- The paper introduces BigCodeArena, a platform integrating code execution into evaluation, resulting in more reliable human judgments of generated code.
- It analyzes over 14,000 sessions and 4,700 multi-turn samples from diverse programming tasks to capture nuanced LLM performance.
- It proposes BigCodeReward and AutoCodeArena benchmarks to align reward models with human coding preferences and automate evaluations.
BigCodeArena: Unveiling More Reliable Human Preferences in Code Generation via Execution
Introduction
The paper "BigCodeArena: Unveiling More Reliable Human Preferences in Code Generation via Execution" (2510.08697) addresses the challenges in evaluating code generated by LLMs. Traditional evaluation methods, particularly crowdsourcing, often fall short in contexts requiring the comprehension of complex or long chunks of code. This paper introduces BigCodeArena, a platform that incorporates execution outcomes into the evaluation of code to provide a more reliable basis for human judgment.
Figure 1: BigCodeArena enables user evaluation based on execution outcomes beyond raw code.
System Design and Implementation
BigCodeArena is designed to tackle the limitations of existing evaluation platforms by integrating a real-time execution environment. The model-generated code undergoes actual execution, and users can interact with the resulting outputs to form a more informed preference between code snippets. The platform supports multiple programming environments like Python, JavaScript, and frameworks like React and Vue, crucial for creating diverse code generation scenarios.
The system consists of a web-based frontend for user interaction and a secure backend for managing code execution. The frontend allows code inspections and comparative voting, while the backend handles sandboxed code execution to ensure both security and performance.
Figure 2: User interface of BigCodeArena.
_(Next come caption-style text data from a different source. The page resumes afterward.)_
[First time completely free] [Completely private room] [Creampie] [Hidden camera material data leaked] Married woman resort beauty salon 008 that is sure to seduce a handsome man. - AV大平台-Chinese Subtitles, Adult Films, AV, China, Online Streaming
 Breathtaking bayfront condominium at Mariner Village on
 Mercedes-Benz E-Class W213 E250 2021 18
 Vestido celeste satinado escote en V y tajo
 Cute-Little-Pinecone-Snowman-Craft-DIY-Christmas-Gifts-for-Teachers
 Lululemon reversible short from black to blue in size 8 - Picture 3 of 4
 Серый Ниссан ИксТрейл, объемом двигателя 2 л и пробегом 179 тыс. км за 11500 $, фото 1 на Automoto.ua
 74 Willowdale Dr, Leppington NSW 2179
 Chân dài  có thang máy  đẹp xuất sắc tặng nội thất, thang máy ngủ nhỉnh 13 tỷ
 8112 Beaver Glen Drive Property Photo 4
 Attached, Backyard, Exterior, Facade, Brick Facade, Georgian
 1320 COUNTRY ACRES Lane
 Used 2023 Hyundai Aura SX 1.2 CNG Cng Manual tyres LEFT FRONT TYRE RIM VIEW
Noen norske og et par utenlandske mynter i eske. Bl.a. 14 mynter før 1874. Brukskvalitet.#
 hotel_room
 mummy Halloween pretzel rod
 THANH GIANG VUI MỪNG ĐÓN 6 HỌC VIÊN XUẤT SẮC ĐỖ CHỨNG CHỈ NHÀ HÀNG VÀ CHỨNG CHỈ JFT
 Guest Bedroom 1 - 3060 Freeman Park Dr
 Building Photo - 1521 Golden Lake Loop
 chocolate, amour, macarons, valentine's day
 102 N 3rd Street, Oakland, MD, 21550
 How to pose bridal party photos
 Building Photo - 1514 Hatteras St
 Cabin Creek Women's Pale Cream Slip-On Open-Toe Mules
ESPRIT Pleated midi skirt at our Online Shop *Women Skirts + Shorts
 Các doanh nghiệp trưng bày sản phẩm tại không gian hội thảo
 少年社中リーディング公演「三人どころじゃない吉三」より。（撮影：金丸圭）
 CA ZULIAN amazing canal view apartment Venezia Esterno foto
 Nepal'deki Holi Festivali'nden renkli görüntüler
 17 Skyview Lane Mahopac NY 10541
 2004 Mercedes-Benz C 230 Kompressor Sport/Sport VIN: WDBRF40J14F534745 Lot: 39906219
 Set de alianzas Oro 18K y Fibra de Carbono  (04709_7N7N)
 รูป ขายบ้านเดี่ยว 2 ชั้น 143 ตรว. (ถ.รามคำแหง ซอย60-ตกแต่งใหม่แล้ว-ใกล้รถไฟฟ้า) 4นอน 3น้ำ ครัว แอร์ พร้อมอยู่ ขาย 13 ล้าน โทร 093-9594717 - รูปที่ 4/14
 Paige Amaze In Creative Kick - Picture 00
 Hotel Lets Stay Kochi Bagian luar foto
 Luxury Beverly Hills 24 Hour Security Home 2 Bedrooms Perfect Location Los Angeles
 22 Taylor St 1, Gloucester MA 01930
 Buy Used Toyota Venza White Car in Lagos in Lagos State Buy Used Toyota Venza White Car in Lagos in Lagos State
Data Collection and Analysis
Over five months, BigCodeArena collected more than 14,000 conversation sessions involving code generation tasks implemented by 10 different LLMs. A crucial subset, comprising 4,700 multi-turn samples, focused on human preferences, allowing for in-depth analysis.
The platform categorizes conversations into common programming topics such as Web Design and Game Development. The inclusion of diverse languages and frameworks presents a broad spectrum for evaluating LLM performance in code generation.
Figure 3: Overall win rate heatmaps (percentage of all pairwise comparisons won) of each model in the sessions across languages (left) and execution environments (right).
Benchmarks: BigCodeReward and AutoCodeArena
To complement the evaluation framework, the authors introduce two benchmarks: BigCodeReward and AutoCodeArena. BigCodeReward investigates the alignment of reward models with human coding preferences by leveraging the collected human judgments. AutoCodeArena aims to automate the evaluation process, reducing reliance on human input by using LLMs to simulate human judgment through experimental setups.
Figure 4: Overall performance of more recent LLMs on AutoCodeArena.
Implications and Future Directions
BigCodeArena significantly enhances the reliability of human-in-the-loop evaluation platforms by focusing on code execution as a pivotal factor for human judgment. This approach challenges traditional static evaluation methods, demonstrating that execution feedback can reveal critical details often missed in static code review.
This initiative paves the way for more informed development of LLMs in software engineering contexts, especially in dynamically typed or rapidly evolving technological environments. Future research may explore expanding the range of supported languages and integrating continuous feedback loops to adaptively refine evaluation criteria.
Conclusion
BigCodeArena offers a significant advancement for evaluating code generation by incorporating live execution, providing an empirical foundation for assessing LLM performance. By revealing gaps left by static evaluations, it lays the groundwork for more robust and context-aware AI systems in software development. The benchmarks derived from this platform offer essential baselines and insights, driving future innovations in AI-driven code generation evaluation.